How many different types of dried pasta do you have in your pantry?
- whs Jun 5, 2012 07:36 PM
Riffing off the rice thread. We have linguine, fettucine, thin spaghetti, spaghetti, pappardelle, trofie, farfalle, penne rigate, pasta mista, and egg noodles...and black squid ink.
All you listed, plus...
I tend to purchase varieties from DeCecco, Barilla and Colavita... and stock up when on sale.
My husband is half Italian and we eat pasta at least 3 nights a week. That said, we keep only a limited number of shapes, most Barilla brand: penne (his #1 favorite), spaghetti--thin, thick, angel hair and regular, orecchiette, no-cook lasagna noodles, orzo, elbow, super large shells, large shells, baby shells, campanelle, penne rigata, gemelli, cellentani and then new for us the TJs bronze-die Rigatoni. When I want egg-based pasta usually make it myself though we keep a bag of Pennsylvania Dutch egg noodles for when the need arises.

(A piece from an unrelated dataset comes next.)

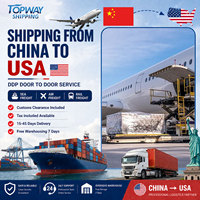 Expédition DDP de Chine vers les États-Unis, porte à porte, fret maritime, fret aérien, transitaire Amazon FBA, service d'entreposage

I used to keep very few boxes of pasta on hand, but in the last few years, I think I've created an attractive stockpile for myself. The brands I have seem to vary depending on sales, but ... Barilla, Delverde, and Colavita seem to be the most prominent right now.
I don't have a ton of room so I try to keep one long, one short and one tiny. I also usually stock at least one Asian and we always have elbows in addition to the other three.

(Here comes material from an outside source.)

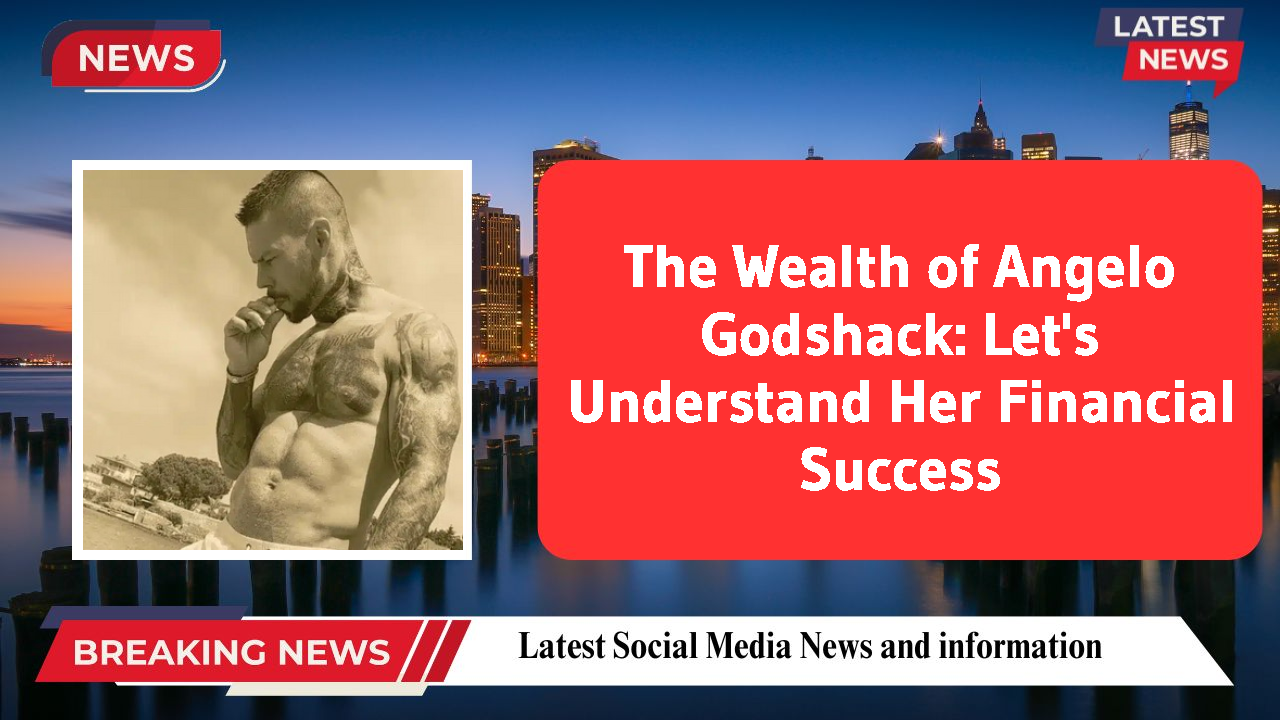 Angelo Godshack networth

For example we have the long telephone cord fusili, penne, pastina, elbows and soba noodles.
I try to also keep egg noodles on hand which we also have.
Most of my favorite shapes ate hard to find.

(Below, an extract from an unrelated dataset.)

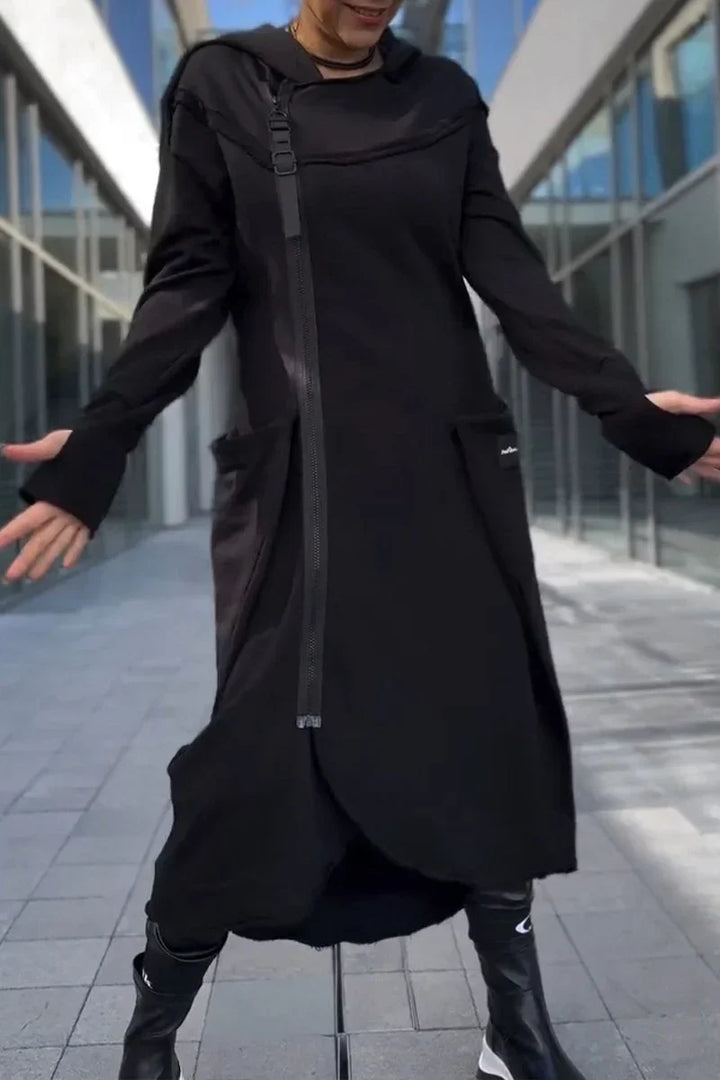 Kaida™ - Sleek Lightweight Zip Hoodie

Barilla piccolini mini fusilli
Barilla whole wheat penne
Prince Large Shells
Near East Cous Cous (plain and garlic)
Wacky Mac mac and cheese
We eat pasta fairly regularly so have a turnover of products - we usually have two or three pastas in the cupboard - currently spaghetti, penne and lasagne. Always the supermarket's own brand or, occasionally, the cheap stuff from the discount shops like Lidl.
Happy to see I don't have a problem :). Mr S looked in the pantry cupboard and said, I think we have pasta issues. But some of you have impressive lists.
currently: ditali, linguini, fettuccine, spaghetti, spaghettoni, cappellini, penne, lasagne, macaroni, farfalle, cavatappi, two sizes of egg noodles, fusilli, rotini, rigatoni and two kinds of couscous.
Wow, maybe we do have a problem :)
I try to keep spaghetti, and some kind of macaroni for salad or mac'n'cheese, vermicelli and the nested kind of fettucini. We're trying not to eat as much pasta as we used to, and certainly smaller quantities. Since I don't really have a pantry per se, a 2' cupboard shelf of pasta plus rice and dried legumes is what there's room for, but we're surrounded by places to get more immediately.
Big pasta fans here, so always have a nice variety on hand. I mostly buy Barilla, but also order online from Rossi (their "Devils Angel Hair" is TO DIE FOR if you like spicy food). Currently on hand:
Tri-Colored Rotini - 2 kinds
Devil's Angel Hair
Small wagon wheels
Italian Herb linguini
These are just the ones I know I have on hand from the top of my head. I'm sure there are more that I'm just forgetting at the moment.
I'm restricted to gluten-free but still have as many as as specialty food store. However, I tend to make pasta more than eat the packaged stuff as I enjoy the process, not to mention the final product.
Hi, our 20 year old son has pasta every weekday lunch — and sometimes weekends too.
Lasagne quick cook
Penne rigate No.73
Been buying here in Israel one I never saw in the States. Barilla brand, a shape called girandole torsades. The name means twists. They're smaller fusilli, basically. Mostly I use penne ... a favorite because they are chewier ... fusilli, bucatini, spaghetti, orzo, ptitim (called Israeli couscous in the States), no-cook lasagna, linguine ... and the locally manufactured and pretty good dry mein or Chinese egg noodles. Oh, and angel hair for making Mexican-style fideos. And dry udon and soba, hauled in by suitcase. I miss being able to buy fresh wonton and egg-roll skins, which in Hawaii I would use to quickly assemble a couple servings of homemade ravioli.
Orzo-Greek brands that are larger
Oriechette-The one from DelVerde that looks like ear not the smaller one that looks a shell.
About twenty-eleven, and I am here to tell ya that Croxetti is one miserable waste of time and $$.
cavatappi (my favorite)
cappellini (my favorite when cavatappi isn't my favorite)
orzo (for soup)
some 00 flour and eggs in case I want to make my own
That's it. I know what I like, and that's what I buy.